* **WHAT NEEDS TO BE DONE**:
Transcribe the full listing below, word for word, without pictures.
══ GIVEN RECORDS ══
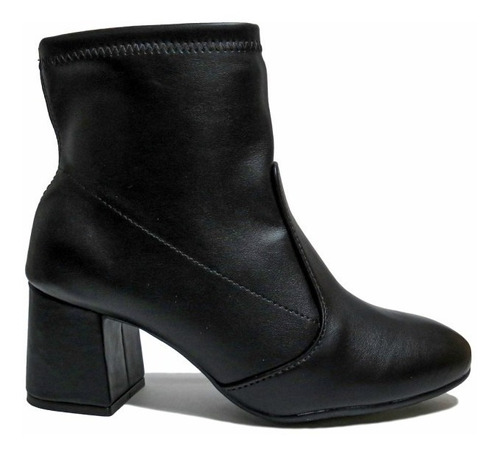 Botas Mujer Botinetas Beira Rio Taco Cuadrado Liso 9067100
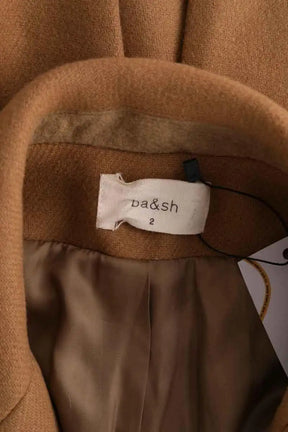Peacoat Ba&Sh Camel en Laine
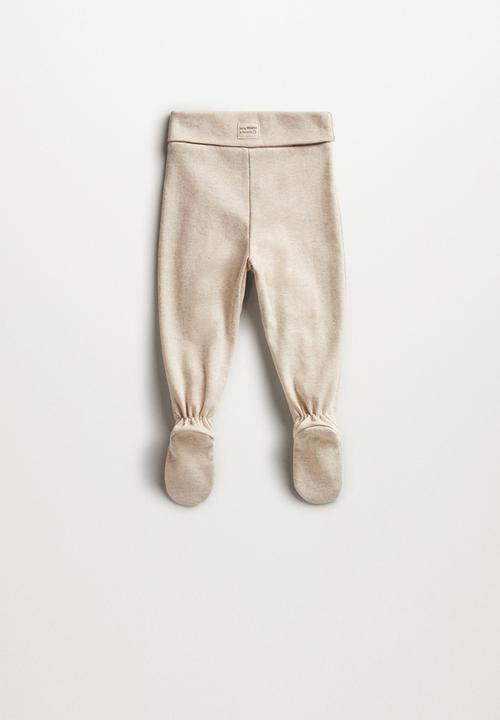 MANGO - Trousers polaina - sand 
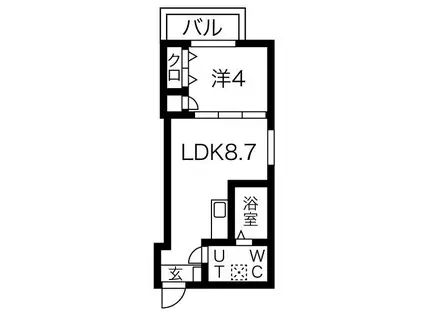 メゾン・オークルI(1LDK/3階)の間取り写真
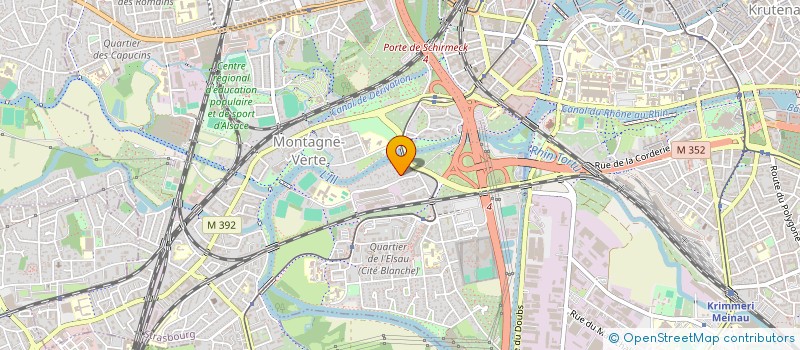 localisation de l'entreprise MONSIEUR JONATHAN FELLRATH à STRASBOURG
═══
* **RESPONSE**:
 Botas Mujer Botinetas Beira Rio Taco Cuadrado Liso 9067100
Peacoat Ba&Sh Camel en Laine
 MANGO - Trousers polaina - sand 
 メゾン・オークルI(1LDK/3階)の間取り写真
 localisation de l'entreprise MONSIEUR JONATHAN FELLRATH à STRASBOURG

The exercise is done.